(Caption-style text data)
* * * * *

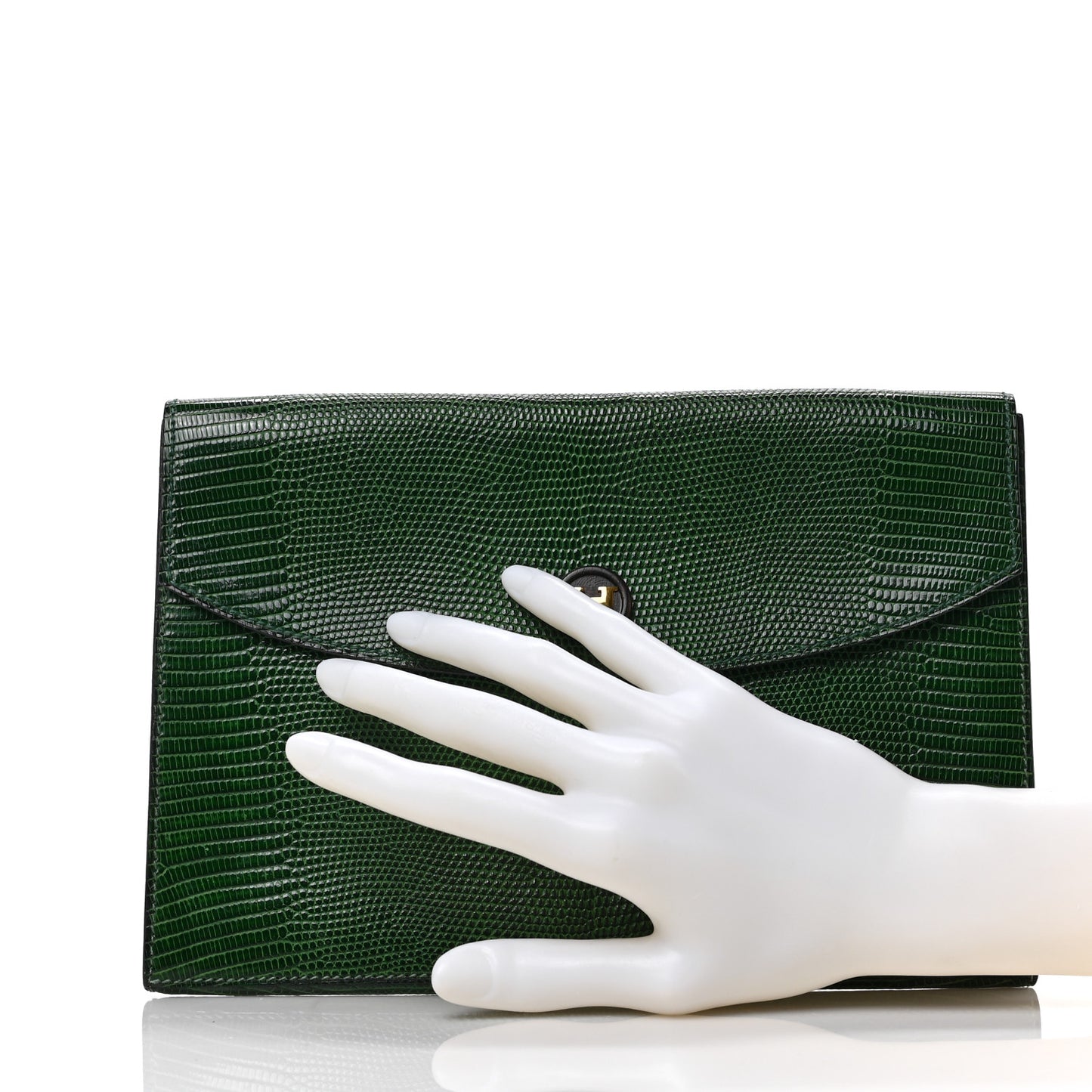 Lizard Rio Clutch Vert Moyen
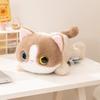 20cm Kawaii Big Eyes Cat Plush Toy Lying Cartoon Animal Black White Siamese Cat Sleeping Companion Gift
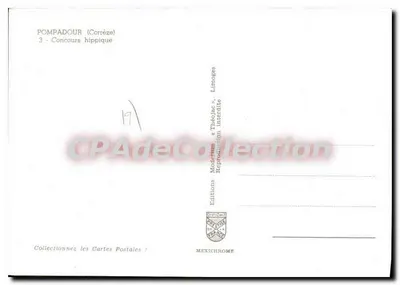Pompadour (Corrèze) — Concurso hípico — Edições Modernas, Limoges — Verso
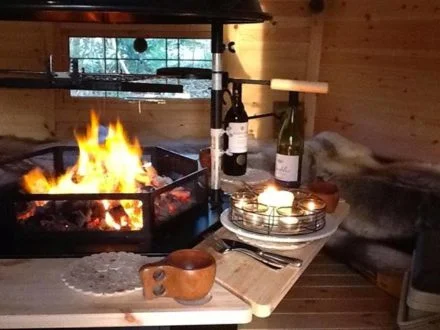 Interior BBQ Hut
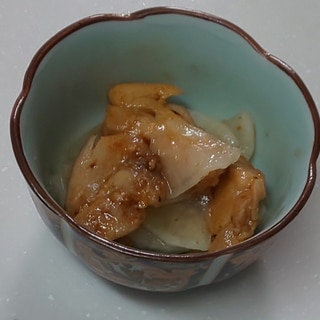 ピリ辛味つき鶏肉と大根のポン酢和え(*^^*)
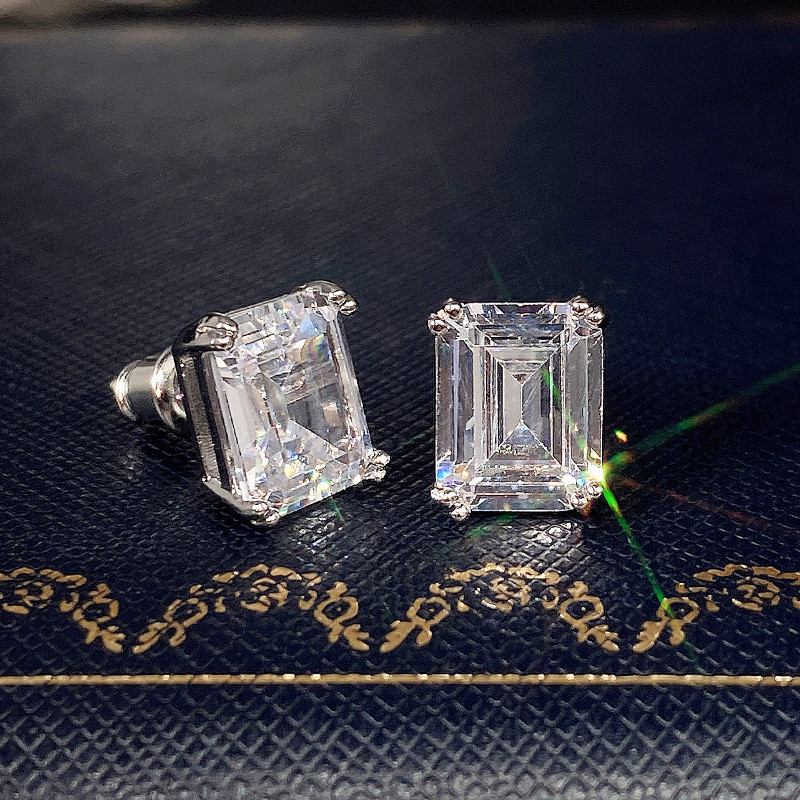 Серьги-гвоздики Huitan с квадр – обзор и цена Women'S Accessories Jewelry Sale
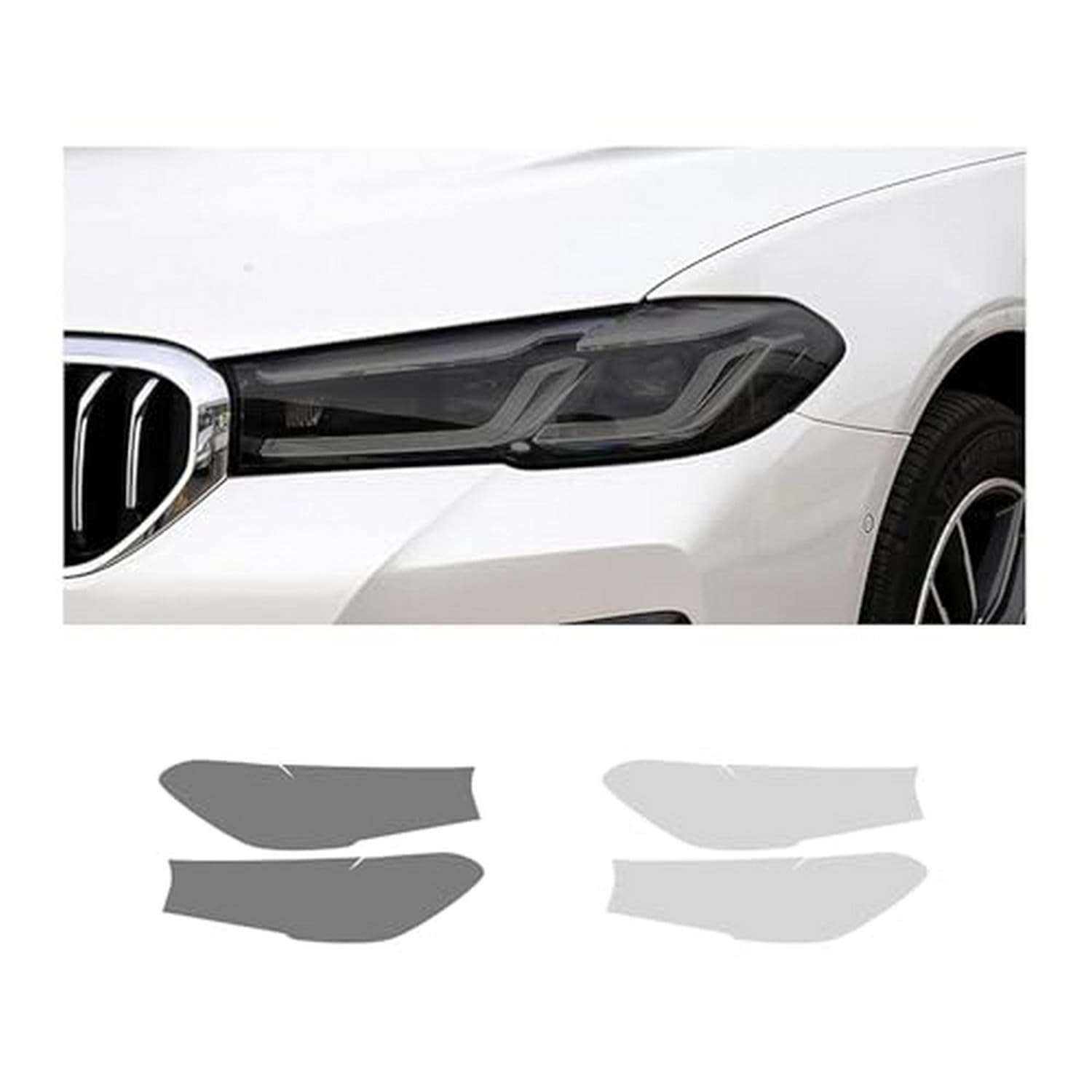 Película protectora faros BMW Serie 5 G30 2021-2022, vinilo protector coche TPU negro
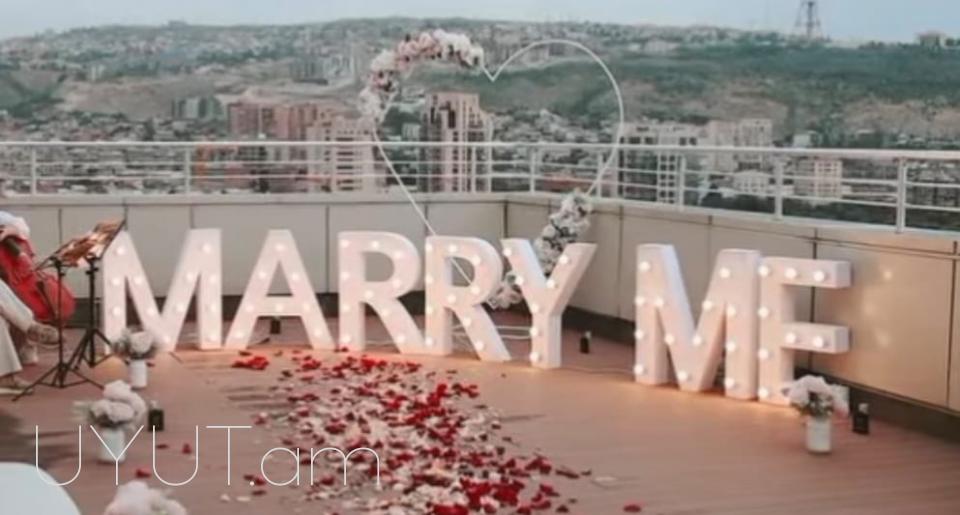 Marry me ձևավորումներ, marry me անակնկալ ծառայություն, marry me դիզայն + հրավառություն.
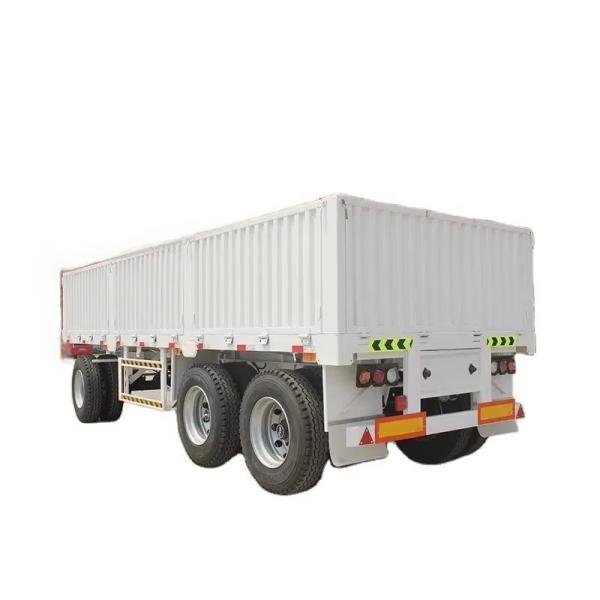 CIMC 40FT 2 Axles 7.5T tare weight 12.4*2.48m payload 40T JOST brand Two-speed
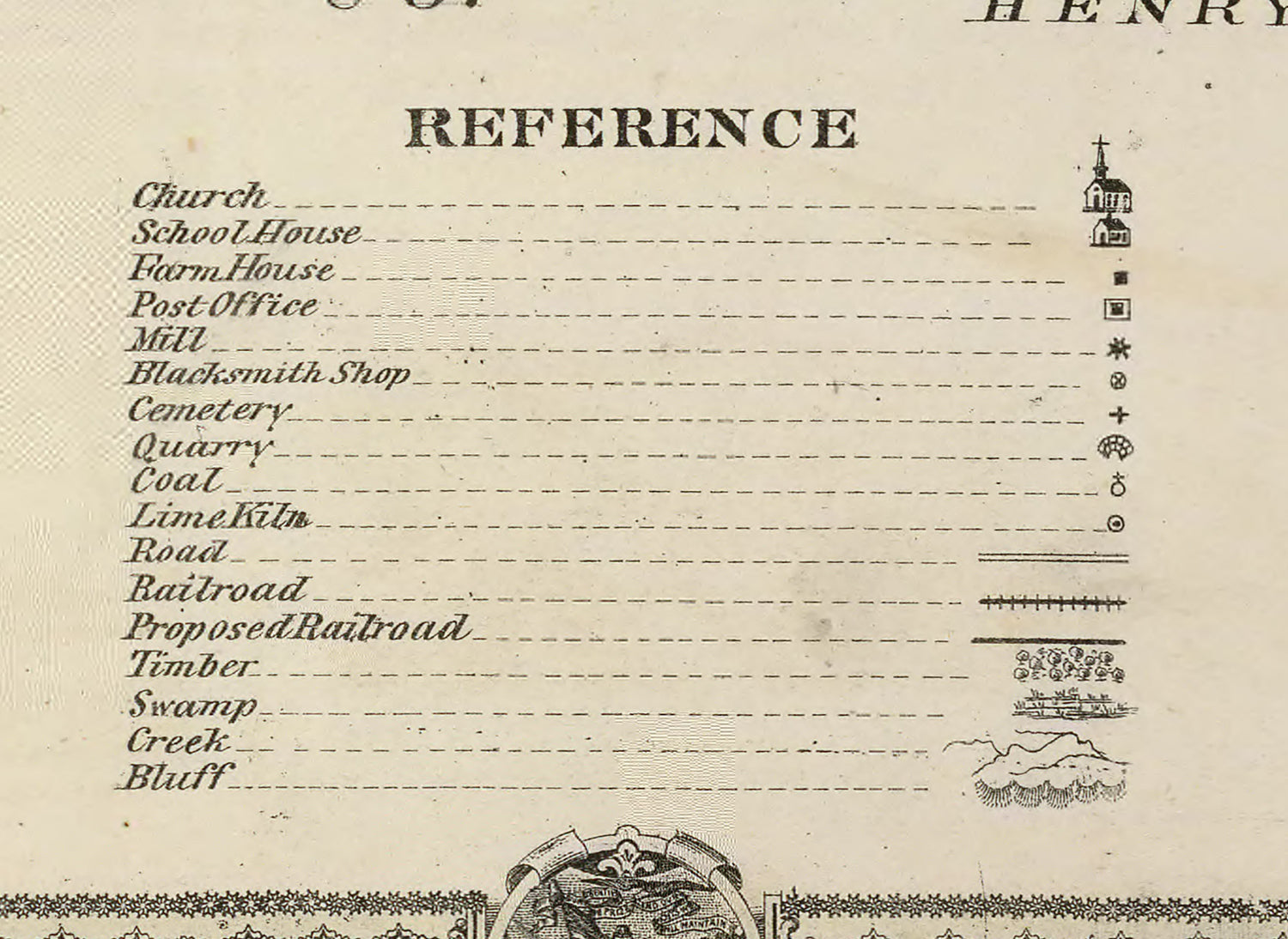 1875 Map of Washington County Iowa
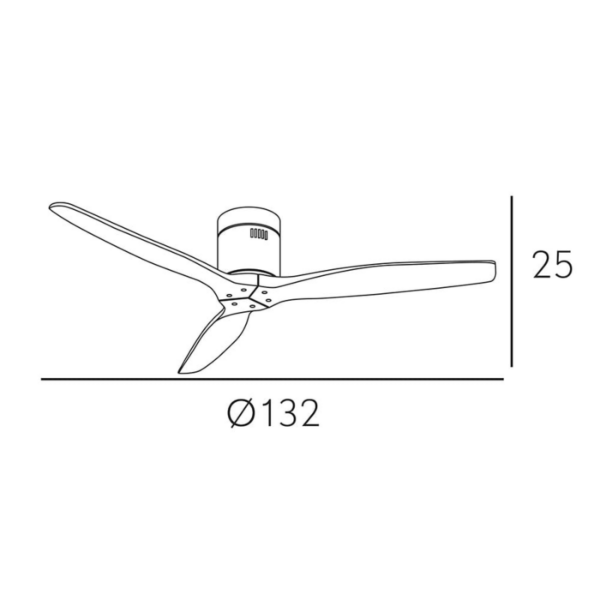 Ventilador AGUILÓN marrón - roble 132cm - Imagen 3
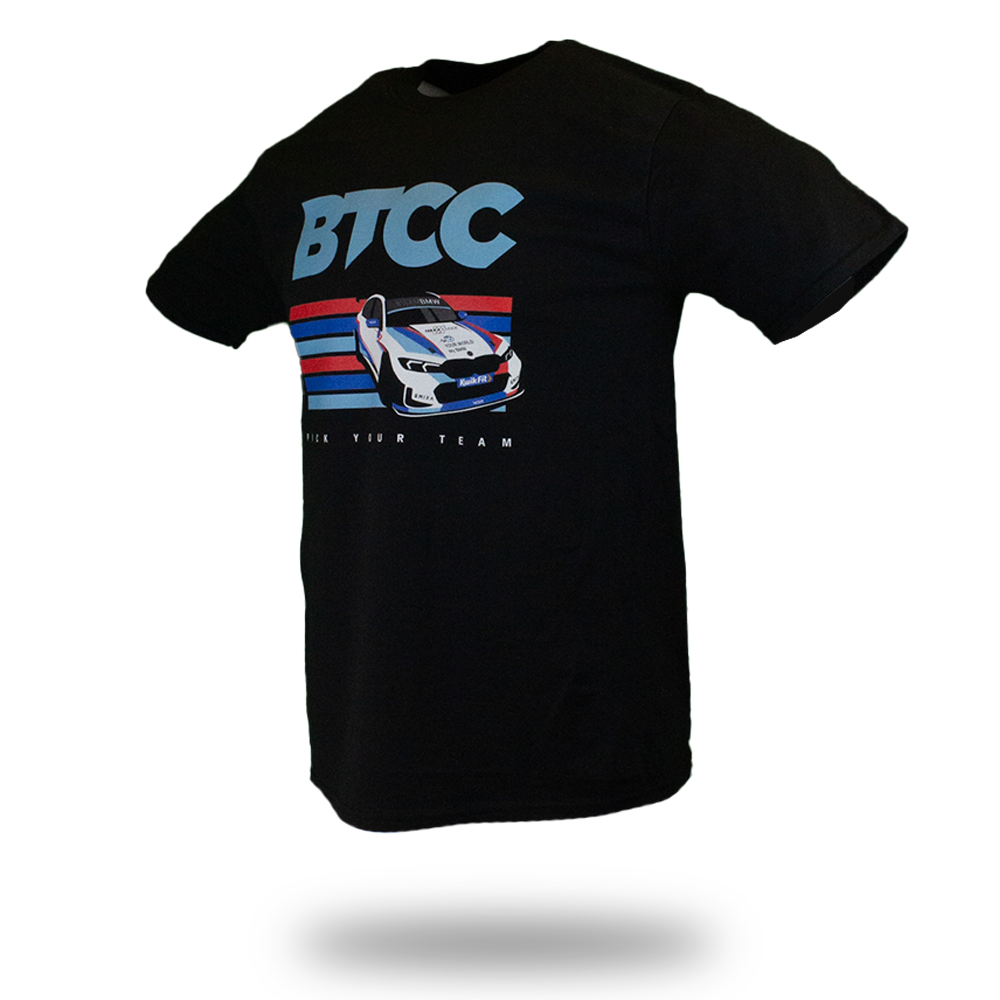 BTCC Saison 2024 T-Shirt - Schwarz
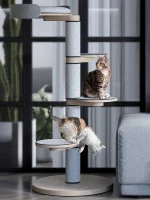 Real Wood Four-level Cat Modern Tower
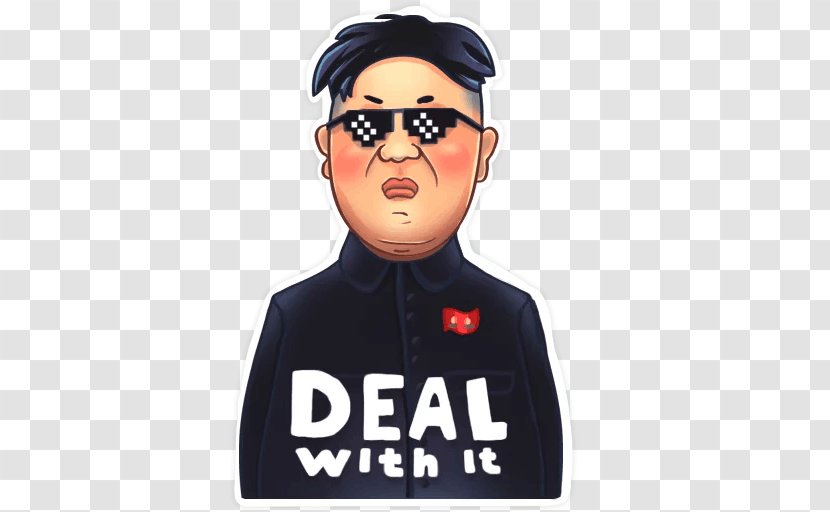 Sticker Telegram Kim Jong-un Glasses - Cool Transparent PNG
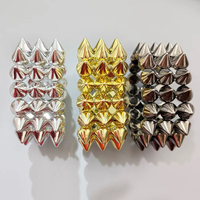 A Gothic Rivet Exaggerated Punk Bracelet With Bold And Exaggerated Design, Adjustable For Daily Party Wear, Rock Bracelet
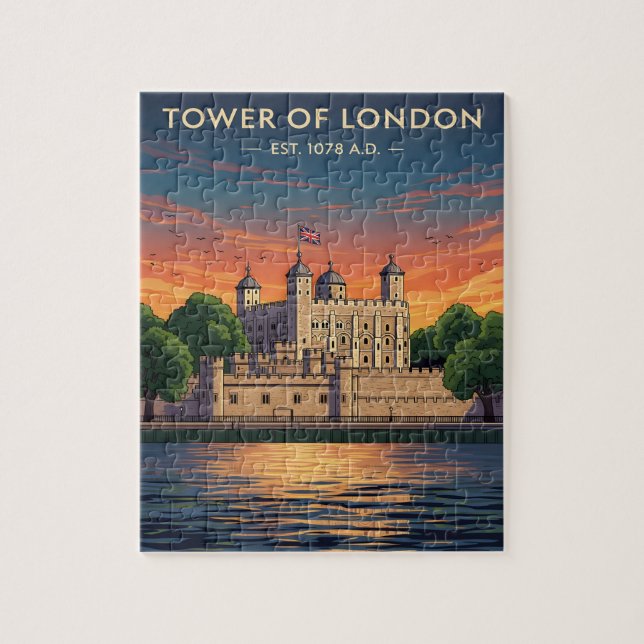 Tower of London at sunset Puzzle (Vertikal)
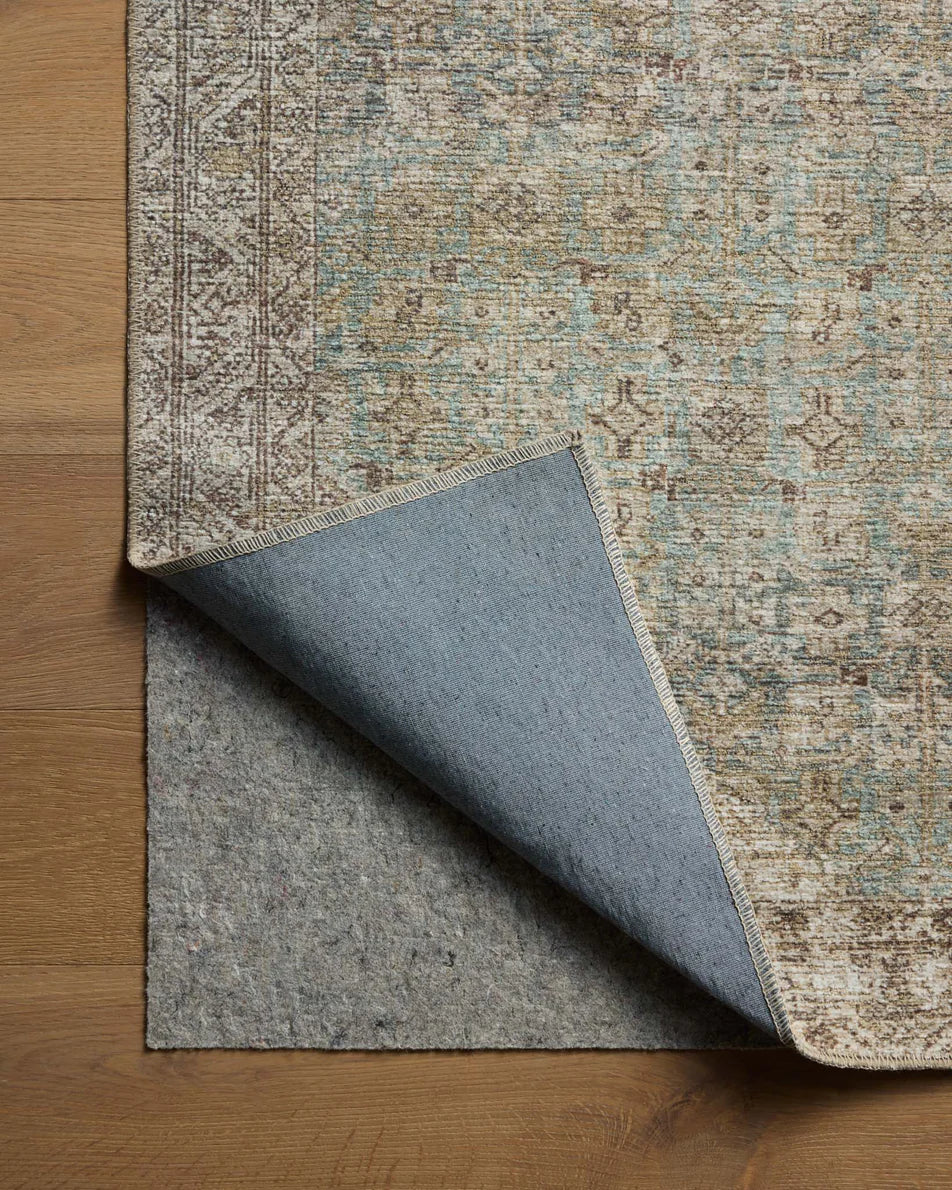 Amber Lewis x Loloi Cambria Rug - Aqua Natural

* * * * *

REQUIRED ACTION >>
Repeat verbatim the range of lines that opens at the line containing "Real Wood Four-level Cat Modern Tower" and closes at the last line of the entries, excluding all pictures.

OUTPUT >>
 Real Wood Four-level Cat Modern Tower
 Sticker Telegram Kim Jong-un Glasses - Cool Transparent PNG
 A Gothic Rivet Exaggerated Punk Bracelet With Bold And Exaggerated Design, Adjustable For Daily Party Wear, Rock Bracelet
 Tower of London at sunset Puzzle (Vertikal)
 Amber Lewis x Loloi Cambria Rug - Aqua Natural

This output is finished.